PROMISE PARK in Gwangju






Promise park_Gwangju, 20121. Promise Park in Gwangju, 2021, Woven carpet installation, 7600 x 7600 x 15(mm)

   Displayed at the Biennale Hall, Kyungwon Moon’s new work, Promise Park (2021), is an extension of the artist’s project series of the same name, which explores the urban environment, relationships between human cognition, sociality and technology, and the historiographic becoming of humanity. The “park” is an abstract space to assess tumultuous episodes of Korea’s modern history and socio-economic development, from textile factories that were the site of Japanese exploitation in the 1950s to the foundation of modern industries in Gwangju and the South Jeolla in the 1960s. The industrial past has been erased by the development of large residential complexes and a historical park surrounding the region’s waterways and mountain paths. Tracing the transformation of the urban landscape across old maps of Gwangju city, Moon teases out a pattern of invisible traces of time and weaves different stories into a cohesive narrative, rendering Promise Park—a public garden where viewers can experience shared temporality and space in its entirety—into a gathering site for communal empathy and solidarity.

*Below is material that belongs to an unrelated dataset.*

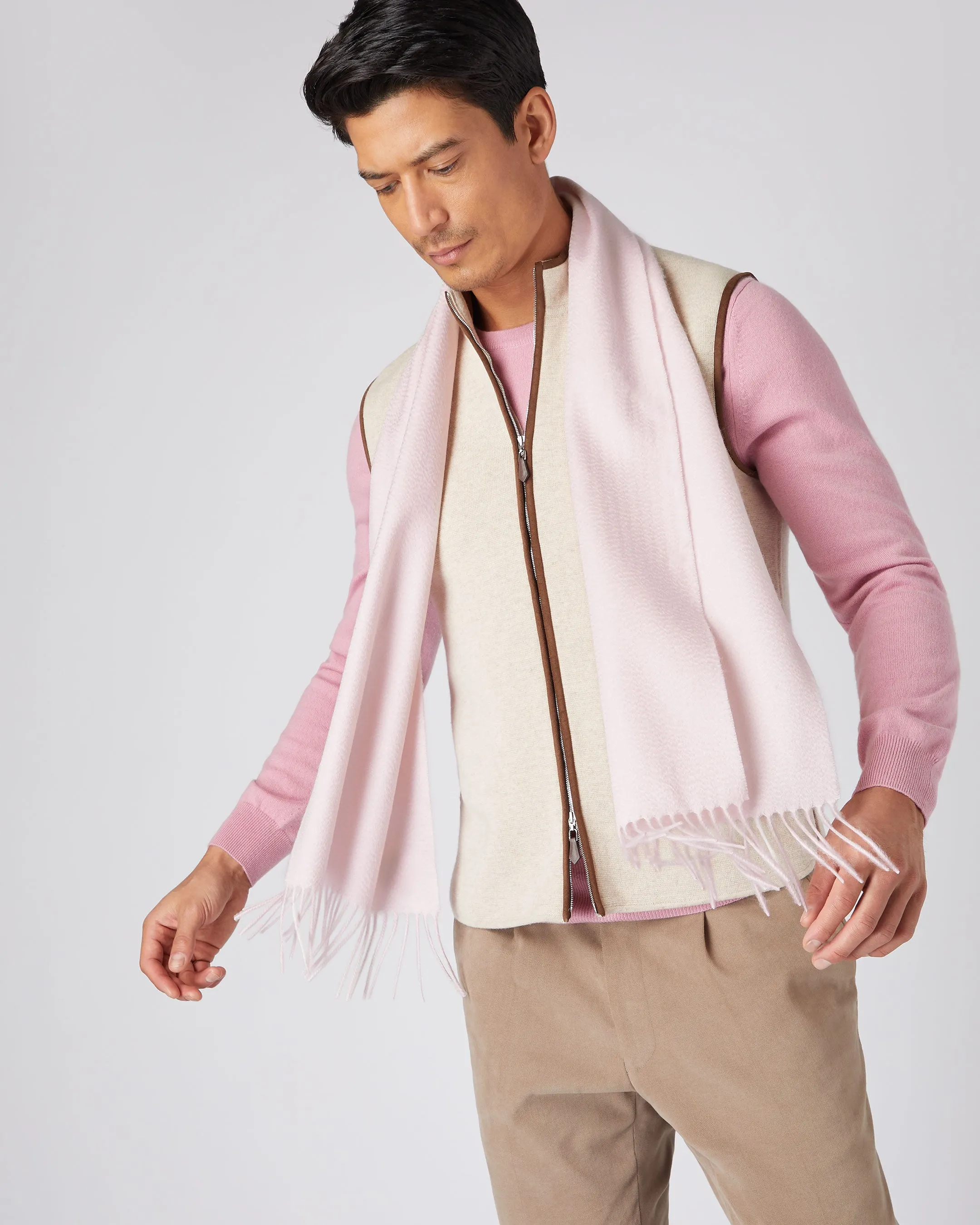 Quartz Pink Unisex Cashmere Scarf - Woven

Moon recognizes the gap between visual production of an idealised world as constructed through human and scientific fantasy and the complex operations of social intelligence across lived reality. Since 2015, she has adapted Promise Park to different contexts as a pivotal model of inquiry. For the Gwangju Biennale, the artist collaborates with cognitive scientists, architects, regional cultural researchers, scholars of Chinese horoscope, and other specialists to explore transformations of the built landscape, social practices, and neurocognition. Free to access in Gallery 1, Promise Park provides a platform for the social exchange of intergenerational perspectives while taking into account Gwangju’s traumatic past and ongoing solidarity alliances.